FOR the first time in many years, Pakistan has adopted a clear cut policy on Afghanistan that truly reflects the national consensus on the issue and has the prospects of safeguarding fundamental national interests.
In his article published in the Washington Post, Prime Minister Imran Khan highlighted different aspects of this policy in a candid manner and strict adherence to the policy would, hopefully, bring positive results in the long run.
Despite repeated pronouncements by all concerned that Pakistan would not grant permission for establishment of the US military bases in the country following withdrawal of its troops from Afghanistan, there are indications that the US was keen to have one on the pretext of monitoring activities of the terrorists and extremists both in Afghanistan and Pakistan.
In this backdrop, the Prime Minister categorically stated that Pakistan was ready to be a partner for peace in Afghanistan with the United States — but as US troops withdraw, the country will avoid risking further conflict.

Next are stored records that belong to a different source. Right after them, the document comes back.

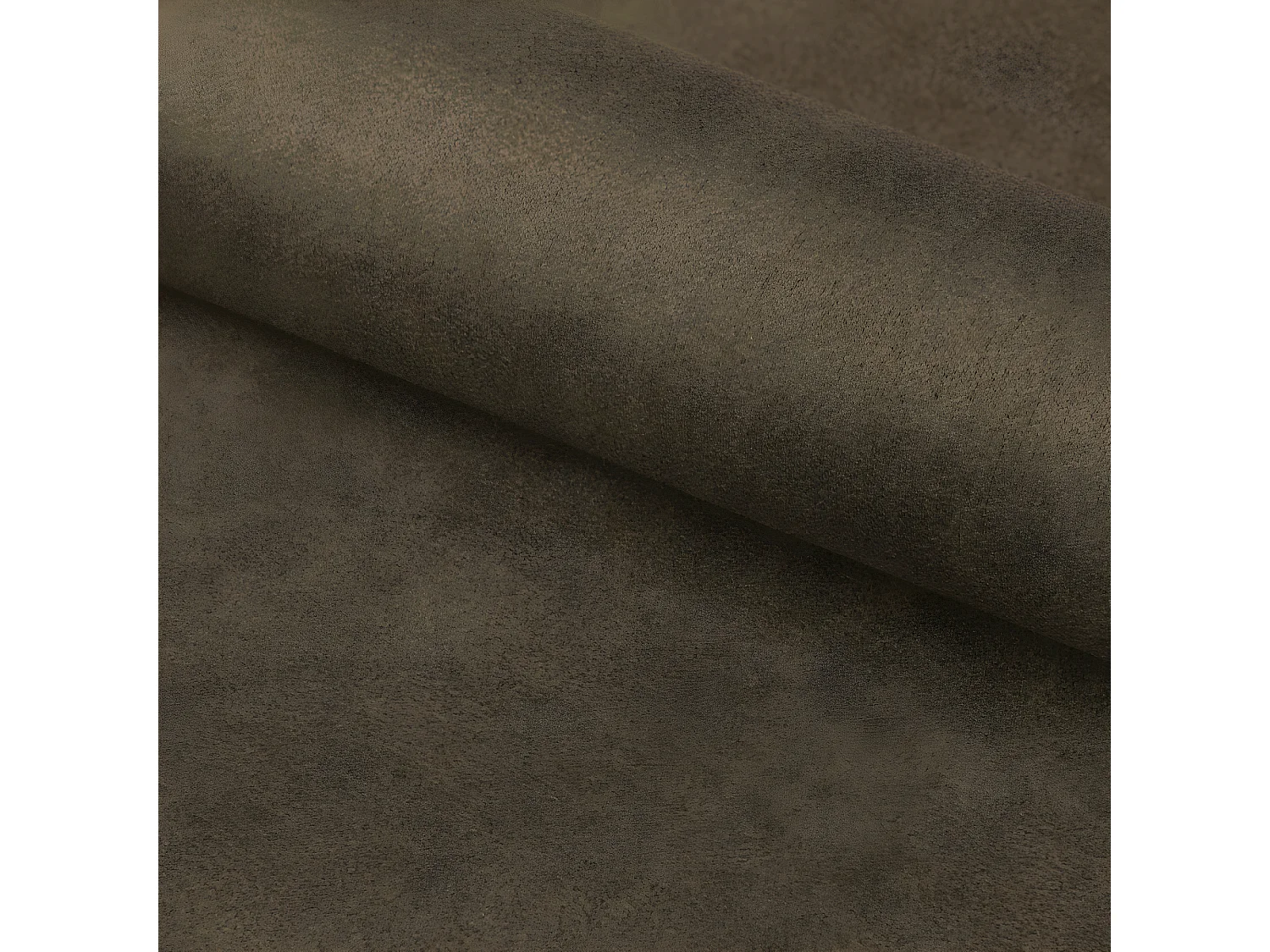 Cabezon - Lot de 2 tabourets de bar en tissu et métal H59-80cm - Vert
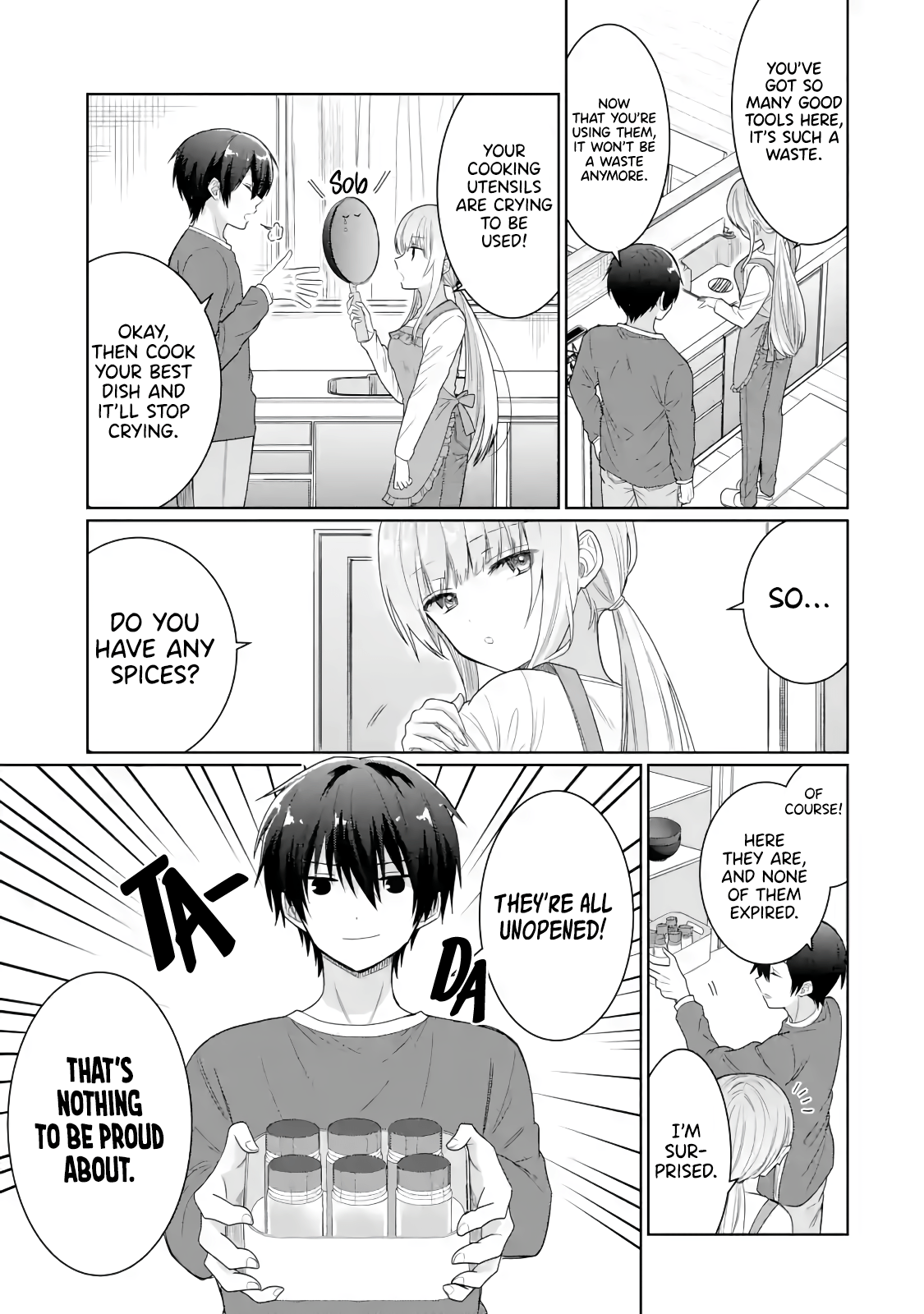 The Angel Next Door Spoils Me Rotten chapter 5.1 page 8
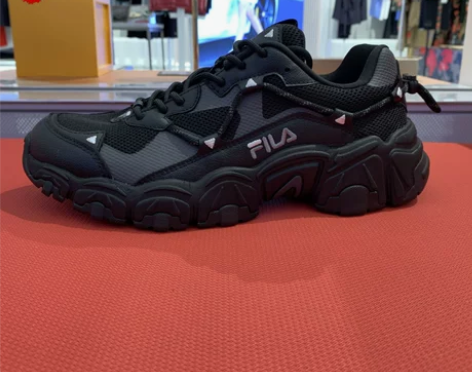 FILA 斐乐 男女鞋新款情侣复古老爹猫爪...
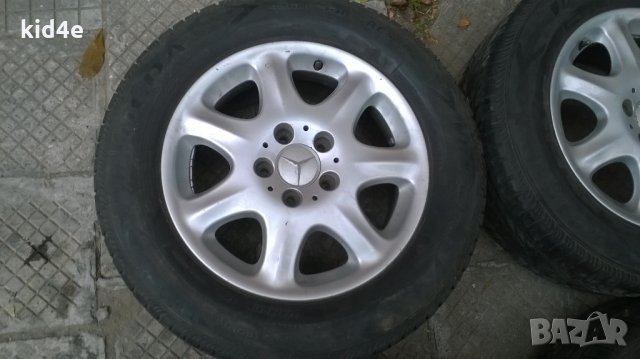 Джанти за Мерцедес Mercedes Ауди Audi Сеат Шкода Фолксваген 16"/7.5J/5x112mm/66.6mm/ET 46mm, снимка 4 - Гуми и джанти - 23309369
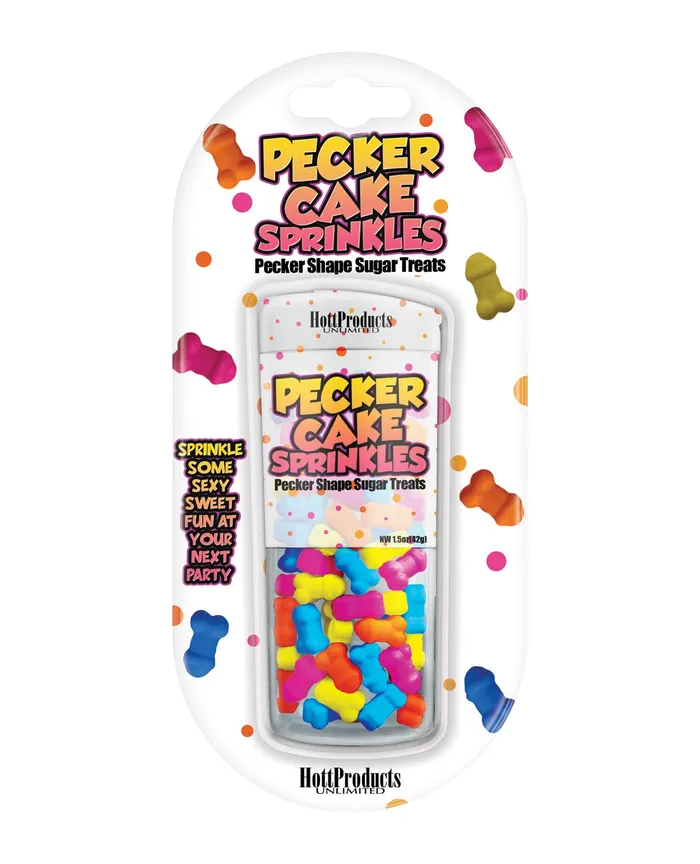 Pecker Cake Sprinkles Party Candy Hott Products Dildos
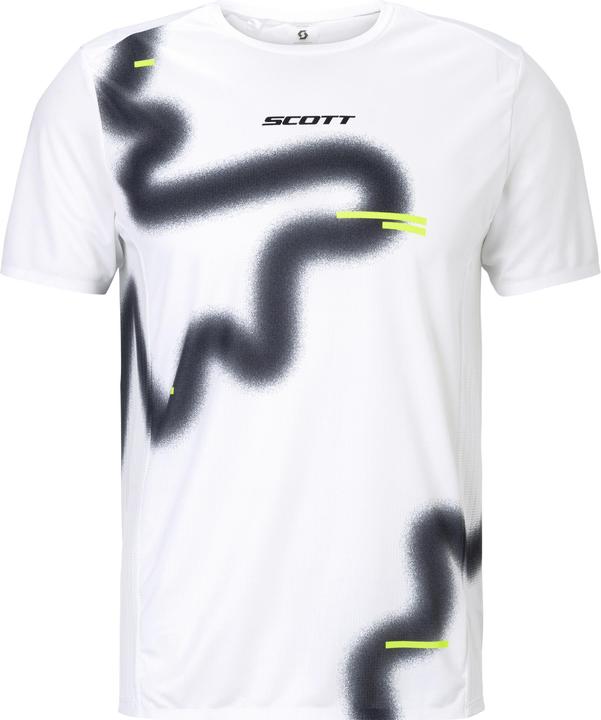 white / black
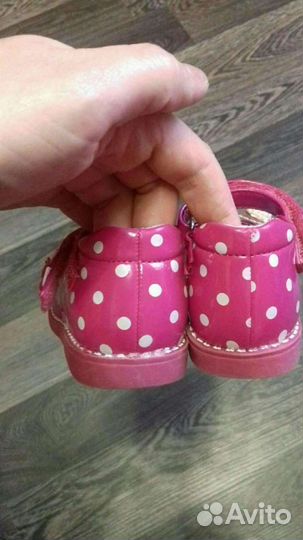 Туфли для девочки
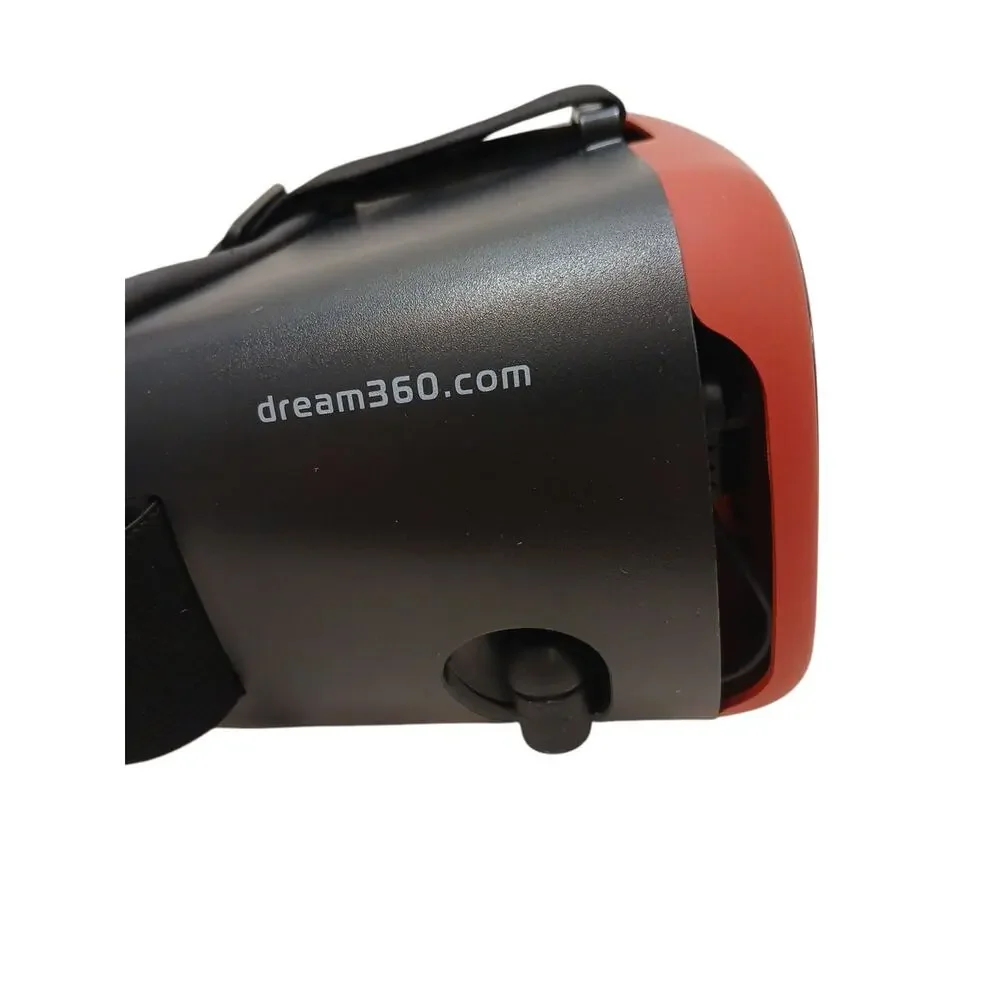 Tzumi‎ Dream Vision Virtual Reality Dream360 Headset Only Red Black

He pointed out that in the past, Pakistan made a mistake by choosing between warring Afghan parties, but it has learned from that experience.
It has no favourites and will work with any government that enjoys the confidence of the Afghan people as history proves that Afghanistan can never be controlled from the outside.
In fact, keeping in view the fallout of the Afghan situation on their national interests, different countries of the region and beyond supported their favourites as has also been revealed in the latest reports that India funded, trained and armed the Northern Alliance in Afghanistan.
But events in Afghanistan have proved that the policy of supporting favourites did not succeed and there is now a near consensus on the sharing of power by all segments of Afghan society.
Most of the regional and global powers, with the exception of India, are contributing their share for realization of this cherished objective and the future of Afghanistan hinges on the outcome of these efforts.
Pakistan has demonstrated its sincerity for peace in Afghanistan and a just political settlement by announcing that it has no favourites and would work with any Government that emerges as a result of intra-Afghan dialogue.
As for military bases, the Prime Minister has exploded the rationale being offered by the United States for the purpose by reminding Washington that if it couldn’t win the war from inside Afghanistan after 20 years, how America would do it from bases in our country.
He also legitimately warned that if Pakistan were to agree to host US bases, from which to bomb Afghanistan and an Afghan civil war ensued, Pakistan would be targeted for revenge by terrorists again.
In view of what the Prime Minister has stated in black and white, the world community should focus on spoilers of peace efforts and not on those whose peace credentials are beyond any doubt.